TASK ITEM: Your whole reply should be the lines from the one that contains "モミジ（赤）(造花）Go-511" through the last line of the listing, copied exactly.

DATA SEGMENT:

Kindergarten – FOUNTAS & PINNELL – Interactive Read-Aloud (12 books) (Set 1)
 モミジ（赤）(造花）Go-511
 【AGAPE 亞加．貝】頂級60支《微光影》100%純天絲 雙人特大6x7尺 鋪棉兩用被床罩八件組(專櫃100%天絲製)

REPLY TO THE EXERCISE:
 モミジ（赤）(造花）Go-511
 【AGAPE 亞加．貝】頂級60支《微光影》100%純天絲 雙人特大6x7尺 鋪棉兩用被床罩八件組(專櫃100%天絲製)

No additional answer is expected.